Two months into this listening diary project, I have finally realized what my friends and wife have known for quite awhile: these days, I’m spinning jazz more than any other genre.
Why? I’m not entirely sure, but I’d guess its variety of movement and rhythms and its continual struggle to balance freedom and order suit my bodily needs (nothing else feels as good and surprising) and mental habits (jazz’s musical struggle is my teaching struggle). Also, as much as I also read, maybe words get in my way–though I have been known to mow down hundreds of pages with ’65-’66 Dylan cranked to “7.” Also, as a listener, I have gradually evolved to meet the challenge of jazz that’s more (or totally) freely improvised.
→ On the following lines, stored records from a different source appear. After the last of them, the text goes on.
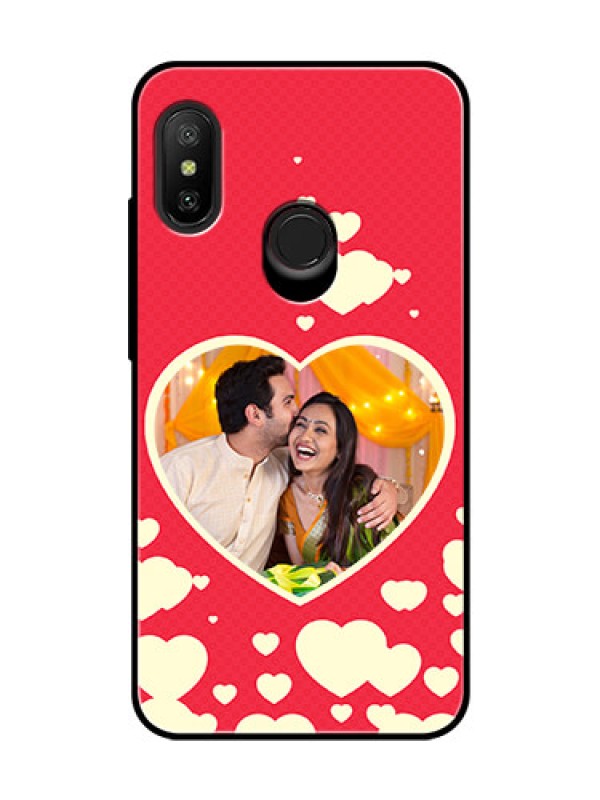 Custom Redmi 6 Pro Custom Glass Mobile Case  - Love Symbols Phone Cover Design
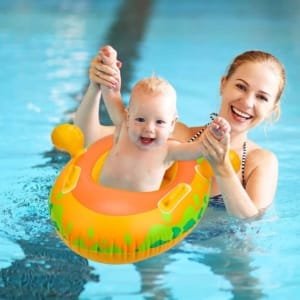 Bouée, Flotteur De Natation Gonflable Avec Pare Soleil Pour Bébés en enfants Dinosaur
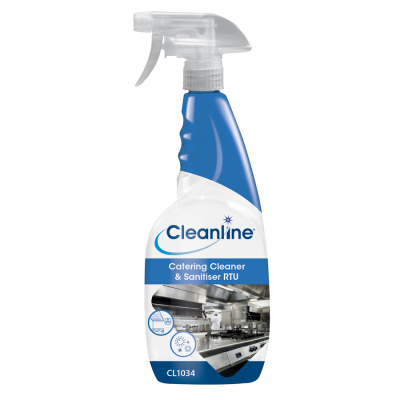 CLEANLINE CATERING CLEANER & SANITISER 750ML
I’ve always been interested in it, but now I can listen to more daunting works (say, Cecil Taylor’s Winged Serpent / Sliding Quadrants) with as much ease as I would a Flamingos comp. I’m not bragging, but it’s brought me quite a bit of unexpected pleasure, and more and more it matches my better understanding of the world as I age. But…yo…I am not abandoning other music worlds, not by a long-shot. It’s just that I don’t think this is a phase.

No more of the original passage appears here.